Entonces dice Ezequiel, habló con un énfasis hipócrita de la adversa confrontación preliminar, ahora se engalla sinceramentenos abrimos al terraplén para saber quién era quién en la pega decisiva, nos pusimos.

La sabana es un circo atestado por la impalpable muchedumbre de la noche, la sabana los llama, Ezequiel. Están listos para iniciar el juego bizarro que calibra el aguante real de las hermosas carrocerías, de los capós y guardafangos, de los perendengues que encubren el alma grasienta de las máquinas. La fe del Pibe Londoño te apuntala desde el asiento vecino, Ezequiel; asegura el Pibe que, si bien es cierto que los jerarcas alemanes asesinaron a millones de hombres en los campos de concentración (ancianos, mujeres y niños con nietzcheana preferencia, Ezequiel), no por ese motivo han dejado de ser expertísimos fabricantes de automóviles. Tú compartes su confianza en el milagro industrial alemán, Ezequiel, pero no olvidas que el antagonista del Mercedes Benz no es esta noche otro artefacto Equis sino Victorino al comando de ese artefacto. La audacia, la seguridad en uno mismo, equivalen a las tres cuartas partes de la pelea ganadas, desde el rey David hasta Fidel Castro, y esos son los ingredientes de Victorino, Ezequiel.

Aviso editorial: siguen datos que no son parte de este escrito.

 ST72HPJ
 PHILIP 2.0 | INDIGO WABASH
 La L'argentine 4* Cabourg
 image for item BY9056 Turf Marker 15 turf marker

Nos pusimos frente a frente dice Ezequiel a veinte metros de distancia, el cornetazo de la camioneta de panadería daría la señal, Ramuncho la dio y.

Se embisten a mediana velocidad, tú esquivas el topetazo inminente, Ezequiel, lo esquivas a escasas pulgadas del navio burriciego que viene en sentido contrario, hiciste bien, Victorino nunca pensó apartarse, tan rasante es el cruce que el garfio derecho del parachoque deí Mercedes se lleva en claro el guardafango trasero del Mustang, un clan clan pordiosero se arrastra por la sabana, le diste duro, Ezequiel.

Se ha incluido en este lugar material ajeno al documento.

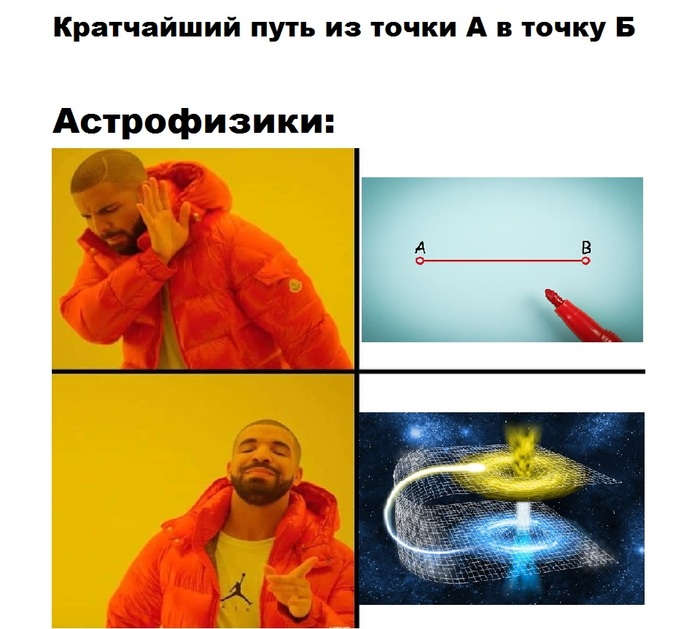 Science memes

Comprendí la importancia de un segundo carajazo dice Ezequiel y me devolví en semicírculo cerrado.

Las ruedas del Mercedes chirrían exasperadas sobre el tierral, bravo, Ezequiel, tu viraje violento sorprende a Victorino a mitad de la extendida elipsis que había planeado, la poderosa quilla del Mercedes se estrella contra el capó del radiador del Mustang, lo retuerce en pliegues de acordeón humeante y quejumbroso, lo jodiste, Ezequiel.

Con eso sobraba para dejarlo fuera de combate dice Ezequiel pero se trataba de Victorino, un rodillazo del Pibe Londoño me informó que el Mustang venía persiguiéndonos, ¿sería el fantasma del Mustang, verdad?

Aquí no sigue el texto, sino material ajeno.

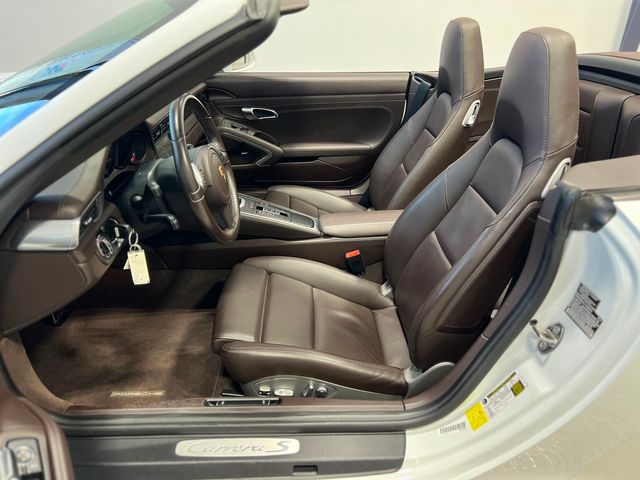 2015 Porsche 911 Carrera S | Longwood, FL | Millenia Motors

En efecto, Ezequiel, a tu espalda se oye el bufido jadeante del motor aporreado, se oyen los alaridos anglosajones de William, cualquiera pensaría que es Rudyard Kipling en acoso de indígenas. Tú intentas vanamente alejarte del envión, Ezequiel, rechinan desfondadas las costillas del Mercedes, el Pibe Londoño se va riesgosamente contra los cristales, por poco se parte la frente, un olor pertinaz a gasolina vertida serpentea entre las sombras. Pero aquella arremetida, Ezequiel, es tan sólo el último aliento de pelea que se saca Victorino, no de la máquina vencida sino de sus propios. Tú logras desprenderte del amasijo en un nuevo desgarramiento de cables y tornillos, las linternas de la camioneta de Ramuncho enfocan en la lejanía un guiñapo cremoso, un derrumbado gallo de riña, un agónico manantial de agua hirviente de cuyas entrañas emerge Victorino maldiciendo a George Washington personaje totalmente ajeno a aquellos sucesos y en seguida sale William por la misma portezuela, la otra es una lámina ciega y tumefacta que no volverá a abrirse jamás.